Joseph Beuys

Untitled (1959 - 1960)

About this artwork

Mounted between two sheets of plexiglass and displayed in a zinc frame, this drawing has been transformed into a three-dimensional object. The conical shapes are reminiscent of stylised cooling towers from a power station, complete with smoke at the top. This reflects the artist's interest in sources of heat and power. The two crosses represent positive energy. Beuys's choice of zinc for the frame would have been a deliberate one, as he chose his materials for the qualities they represented. Zinc is a metallic element and an essential mineral for life, but equally is poisonous in high concentrations.

see media
  • title: Untitled
  • accession number: AR00646
  • artist: Joseph BeuysGerman (1921 - 1986)
  • gallery: In Storage
  • object type: Work on paper
  • date created: 1959 - 1960
  • measurements: 20.00 x 29.20 cm
  • credit line: ARTIST ROOMS National Galleries of Scotland and Tate.
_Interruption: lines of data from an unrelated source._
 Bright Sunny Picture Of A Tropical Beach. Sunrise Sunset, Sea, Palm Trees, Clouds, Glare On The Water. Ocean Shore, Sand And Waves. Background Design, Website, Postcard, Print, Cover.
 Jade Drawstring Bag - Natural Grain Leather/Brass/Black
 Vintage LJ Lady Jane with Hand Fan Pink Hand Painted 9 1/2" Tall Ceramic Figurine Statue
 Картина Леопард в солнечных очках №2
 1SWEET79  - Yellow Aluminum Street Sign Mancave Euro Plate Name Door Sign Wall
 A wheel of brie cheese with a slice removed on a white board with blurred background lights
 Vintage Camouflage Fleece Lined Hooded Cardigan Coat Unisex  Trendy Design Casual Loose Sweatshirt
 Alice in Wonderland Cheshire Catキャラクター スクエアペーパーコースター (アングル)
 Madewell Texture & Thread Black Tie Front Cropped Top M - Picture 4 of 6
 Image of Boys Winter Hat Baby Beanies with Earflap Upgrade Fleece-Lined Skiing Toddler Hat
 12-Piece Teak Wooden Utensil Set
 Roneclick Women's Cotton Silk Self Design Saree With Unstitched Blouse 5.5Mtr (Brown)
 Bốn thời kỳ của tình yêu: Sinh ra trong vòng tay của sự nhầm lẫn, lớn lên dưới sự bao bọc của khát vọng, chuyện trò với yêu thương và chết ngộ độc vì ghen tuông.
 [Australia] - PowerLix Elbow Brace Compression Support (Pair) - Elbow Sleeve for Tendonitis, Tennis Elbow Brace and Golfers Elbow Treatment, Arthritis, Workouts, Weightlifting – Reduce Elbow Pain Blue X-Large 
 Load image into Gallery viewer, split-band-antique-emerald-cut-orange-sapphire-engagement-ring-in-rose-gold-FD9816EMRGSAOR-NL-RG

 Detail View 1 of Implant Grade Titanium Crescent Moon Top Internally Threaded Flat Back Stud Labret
Acquired jointly through The d'Offay Donation with assistance from the National Heritage Memorial Fund and the Art Fund 2008
  • copyright: © DACS 2016.
  • photographer: Antonia Reeve
This artwork is part of Artist Rooms

Joseph Beuys

Joseph Beuys

German artist Beuys believed that art was integral to everyday life. His own art was shaped by an experience early in his life. As a Luftwaffe pilot during the war, Beuys was shot down over the Crimea and was saved by nomadic Tartars. Barely alive, he was wrapped in felt and fat which preserved his body heat, and taken to safety on sledges pulled by dogs. This incident, and these particular elements, informed much of his art, which has a redemptive, mystical and ritualistic character. Central to his work were his 'Actions', which involved teaching, audience discussion and performance. The recurrent themes were social and political. Associated with the ecological movement - he was a founder member of the Green Party - he also had a strong influence on German politics.